DOS 513 - Week 1 Discussion
Initial Post: Protons and Photons and CyberKnife, Oh My!
As a proton facility, we absolutely MUST use inhomogeneity correction factors when planning anywhere in the body, and especially in the thoracic area. This is because of the property of proton beam interactions with matter that causes them to penetrate to a predictable depth and then stop.1 This penetration depth is calculated based on the stopping power of the tissue that the beam encounters along its path. Since we are trying to send a beam to a specific depth (the distal side of the target) and no further, we need an accurate calculation of the tissue's stopping power, which can only be derived if we take tissue inhomogeneity into account and correct for it. If we treated the entire body as having uniform density, we would calculate drastically wrong path lengths. Our current planning system, XiO, uses a pencil beam algorithm to calculate the proton dose distribution with tissue inhomogeneity factors incorporated into the calculation.
The thoracic cavity is somewhat of a challenge for us because lung tissue has relatively little stopping power compared to solid tissue, and so the proton beam will travel much further in lung than in solid tissue. Since we have to incorporate margins for motion, our target will almost always include low-density portions of the lung. The beam will have a tendency to keep going until it hits the far side of the lung, and stop shortly once it has re-entered solid tissue again. We have to be conscious of this when choosing beam angles, since overshoot may end up involving sensitive tissues. This overshoot will still usually be much less dose than if we were using x-rays, but it is not zero dose, which is the goal in most proton treatments.
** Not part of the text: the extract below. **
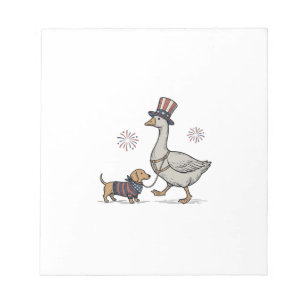 Patriotic Goose and Dachshund Vintage Shirt Design Notepad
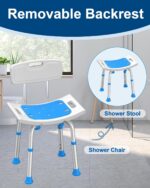 Shower Chair for Inside Shower with Removable Back, FSA/HSA Eligible 400 lbs Heavy Duty Bath Seat for Bathtub, Safety Bath Stool for Seniors and Disabled - Image 5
Interestingly, we do actually plan for photon treatments for some of our patients because insurance companies often want documentation of why proton therapy is advantageous and worth the extra cost. In these cases we create both a proton plan and a photon plan and an accompanying report comparing the two. When we use XiO for x-ray beam planning, we have several inhomogeneity correction factor algorithms to choose from, and we usually select superposition because it provides good accuracy while still completing calculations in a reasonable amount of time.
In a conversation about algorithms in various planning systems with one of our physicists, Sara St. James (November 19, 2014), she made special note of CyberKnife's algorithm options for tissue inhomogeneity correction. These same concerns had previously been related to me by our Chief Physicist Tony Wong earlier in the year, but I had not had sufficient understanding of algorithms at that time to grasp their significance. There is an option to commission CyberKnife with the highly accurate Monte Carlo algorithm for tissue inhomogeneity correction, but because of the long calculation time, many clinics opt for the simpler and faster option, which is a basic ray-tracing algorithm with path length correction, but no accounting for lateral scattering differences due to nearby structures of differing density.2 This simpler algorithm is effective and fairly accurate for treatment sites where tissues are in fact relatively homogenous, such as the brain, but the lungs are full of inhomogeneities created by bronchioles and blood vessels, not to mention potential irregularities in the shape of the tumor. Sharma et al showed that lung plans calculated to have adequate target coverage with the ray tracing technique typically had 28% +/- 15% less target coverage than expected when recalculated with the more accurate Monte Carlo technique. That's a pretty strong argument for having a bit of patience to wait for the Monte Carlo result.
- Khan FM. The Physics of Radiation Therapy. Lippincott Williams & Wilkins; 2012.
- Sharma SC, Ott JT, Williams JB, Dickow D. Clinical implications of adopting Monte Carlo treatment planning for CyberKnife. J Appl Clin Med Phys. 2010;11(1):3142.